Only three years prior, in 1902, composer, lyricist, performer and director Bob Cole wrote an essay for the same “Colored American Magazine” entitled, “The Negro on the Stage.” It chronicled the appearances and influence of Black artists on the Western theatre canon:
- “I will preface that effort by acquainting the reader of the fact that the Negro has been left out of the history of the drama for the same reason, I suppose, that he has been left out of other recorded things, historiographers and instances where he does accidentally appear are noticeably marked by active prejudice. Notwithstanding this handicap, enough historical knowledge of the Negro’s dramatic participation has been unearthed to establish a reason for future consideration and to prove doubly interesting as a review. That the church is responsible for the origin of the drama is an undisputed fact, and I have enough historic and pre-historic proofs to be able to assert that the Negro is closely associated, if not directly responsible for the origin of the stage entertainments.”
Toward the end of his essay, he celebrates numerous contemporary artists and the tremendous new works they were in the process of creating. In closing, he leaves us with this:
- “..why, I see nothing else but future brightness for the Negro and the Stage.”
These writers were among the first to launch an idea into the public imagination about what was possible for Black American theatre and society. Just as Overton and Cole’s words would have been in the air for Pan-Africanist scholar W.E.B. DuBois, so too were Baraka’s, through his articulation of tensions and ownership of “history and desire,” in the air for Sonia Sanchez, Ngũgĩ wa Thiong’o, Aimé Césaire and more Black artistic leaders of that day. The calls to action, acts of resistance and beautiful visions published in their essays all those years ago continue to embolden, strengthen and empower our movements.
"How can we see the possibilities of creation with the fullest expression of our spirit?

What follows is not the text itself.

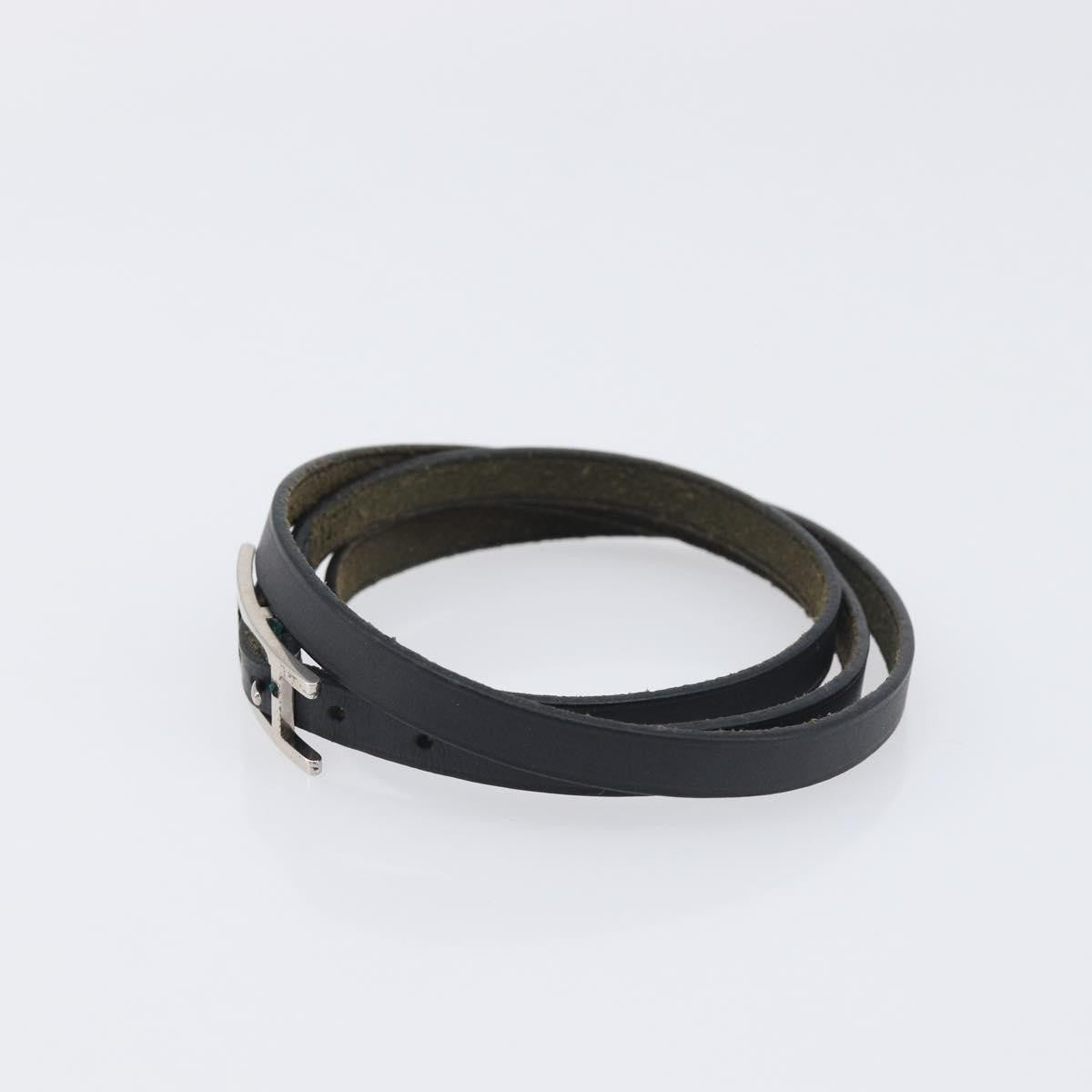 Hermes Hapi 3 Leather With Metal Black Leather Bracelet Jewelry (Pre-Owned)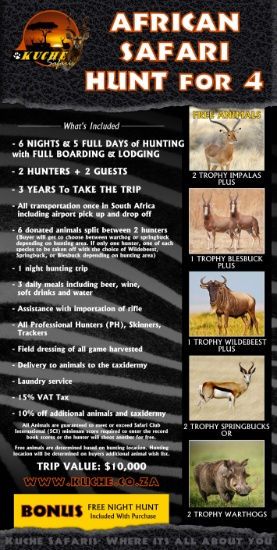 African Safari Hunt for 4 With Kuche Safaris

How can we harness the tremendous power we have to manifest our visions? That is our act of resistance."
The dream of today is both an artistic and racial justice dream. I look forward to new forms and to liberating some of our work from the traditional architecture of company buildings. I look forward to imagining theatre beyond the proscenium stage, beyond realism, all while continuing to look back on our Black theatre-making traditions in order to live deeply within them, or break them all together to create work that is true to us now, without limitation. The dream is to let artists be artists and create space for us to make the work we want to make, be it indoors, outdoors, fifteen minutes or seven hours. I also look forward to the evolution of more Black producers. Because the dream is about an expansion—looking beyond or through the illusions of scarcity and power in celebration of our vast creative abundance. How can we see the possibilities of creation with the fullest expression of our spirit? How can we harness the tremendous power we have to manifest our visions? That is our act of resistance.
The manifestation of these dreams is our work. Our era is unique in many ways, but our conversation is in conversation with artists of the past. Our spiritual and artistic pursuit is in communion with theirs. Our dreams and aspirations mirror the ones that have come before. Our mission and purpose remain the same: to write, to create, to live, to build, to provoke, to ignite, to inspire, to fight, to share, to speak, to love, to bring joy, to remember, to heal, to grow, to connect, to make. We are the makers—out of dust or air, we make. We can and will, in the words of Baraka, “take dreams and give them a reality.” This, as always, is a time for dreaming.